Don't include any picture when you restate the data word for word.

┄┄┄┄┄┄┄┄┄┄┄┄┄┄┄┄┄┄┄┄

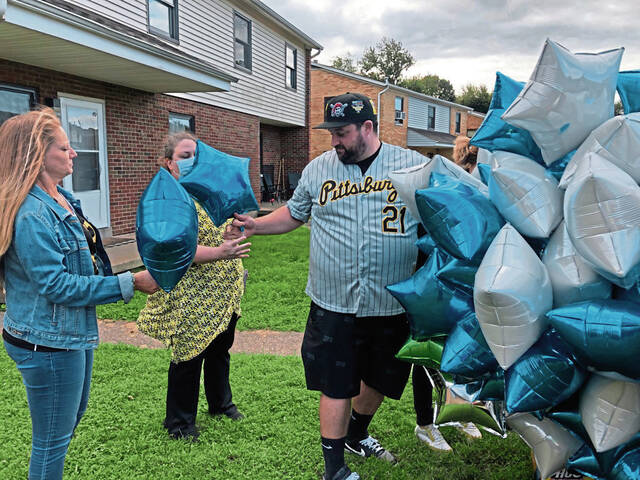 5457351_web1_vnd-azureeballoons2-092322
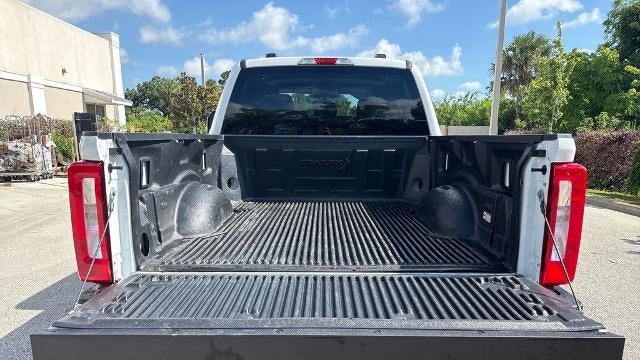 2025 Ford F-250 Super Duty Lariat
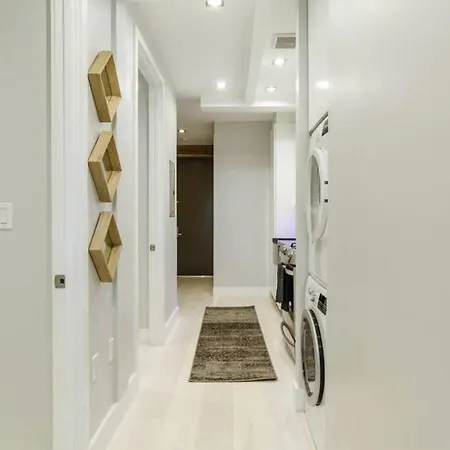 Fresh, Modern East Village Condo! 3br, 2ba Sleeps Many #groups #subway Apartment *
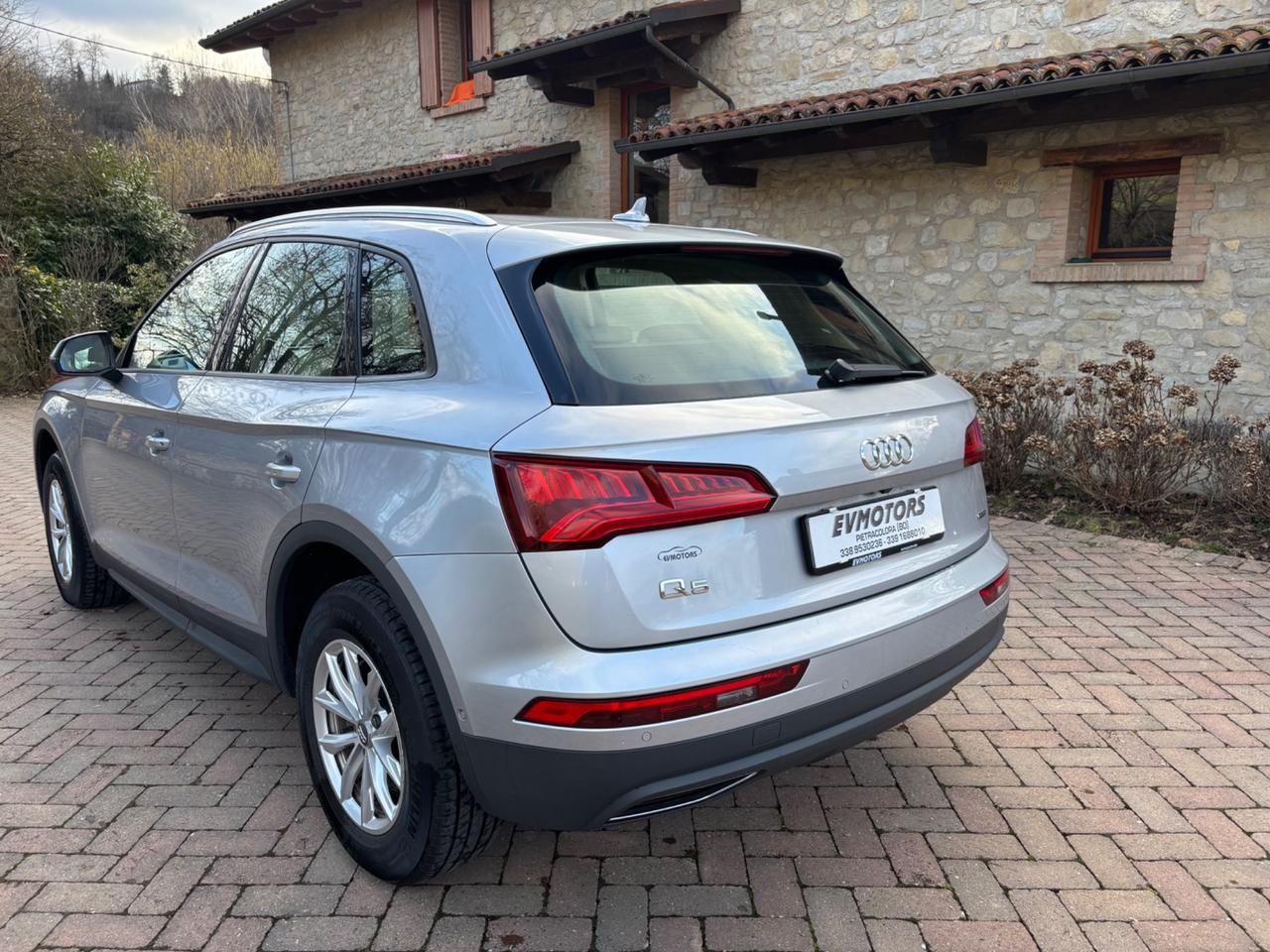 Audi Q5 40 TDI quattro S tronic Business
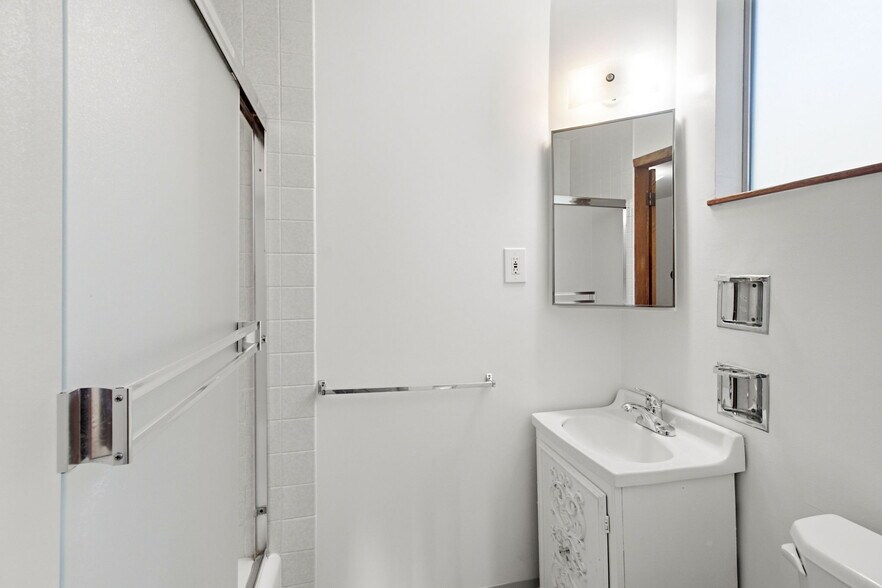More Photos Of 1718 Alameda Ave, Alameda Multifamily For Sale
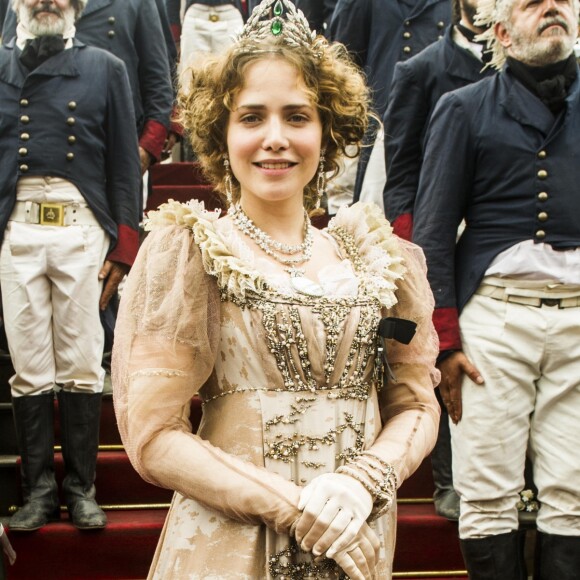 Nos bastidores da novela 'Novo Mundo', Letícia Colin leva de 1h30 a 2h para se transformar em Leopoldina, sua personagem na trama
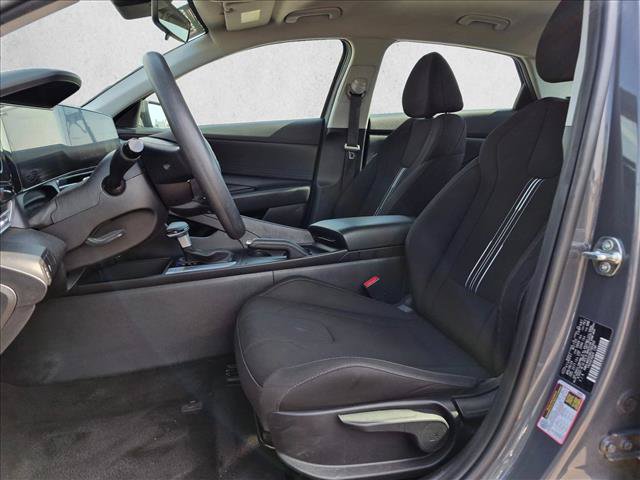 Used 2024 Hyundai Elantra SEL FWD image 15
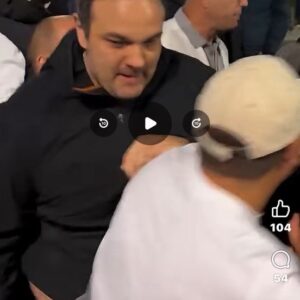 Откривено ко је Вучићев гмаз који је синоћ палицом напао народ на Коњарнику (ВИДЕО)
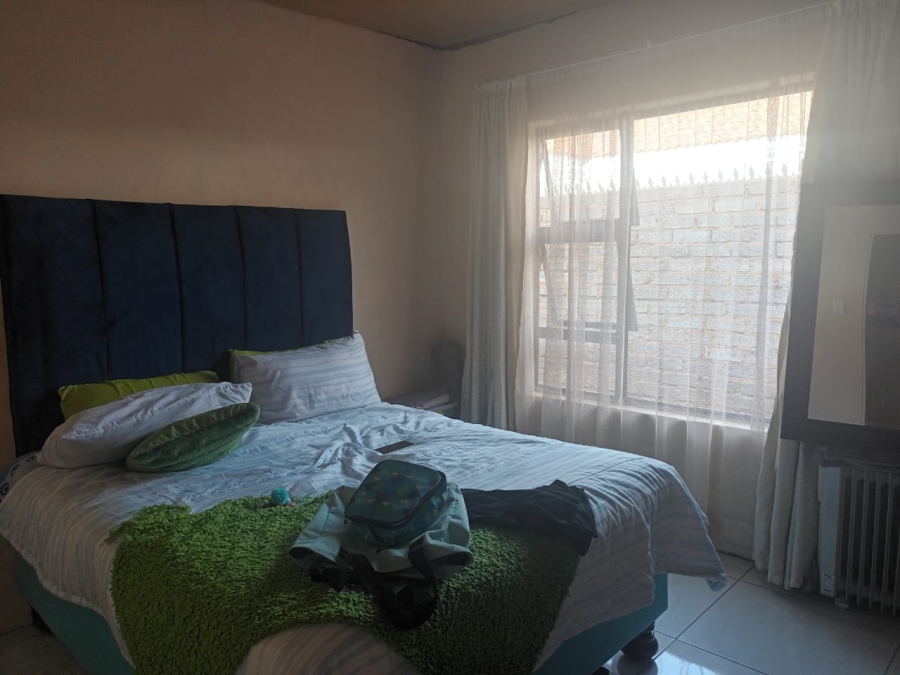 4 Bedroom Property for Sale in Vosloorus Gauteng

┄┄┄┄┄┄┄┄┄┄┄┄┄┄┄┄┄┄┄┄

**YOUR SOLUTION:**
 5457351_web1_vnd-azureeballoons2-092322
 2025 Ford F-250 Super Duty Lariat
 Fresh, Modern East Village Condo! 3br, 2ba Sleeps Many #groups #subway Apartment *
 Audi Q5 40 TDI quattro S tronic Business
More Photos Of 1718 Alameda Ave, Alameda Multifamily For Sale
 Nos bastidores da novela 'Novo Mundo', Letícia Colin leva de 1h30 a 2h para se transformar em Leopoldina, sua personagem na trama
 Used 2024 Hyundai Elantra SEL FWD image 15
 Откривено ко је Вучићев гмаз који је синоћ палицом напао народ на Коњарнику (ВИДЕО)
 4 Bedroom Property for Sale in Vosloorus Gauteng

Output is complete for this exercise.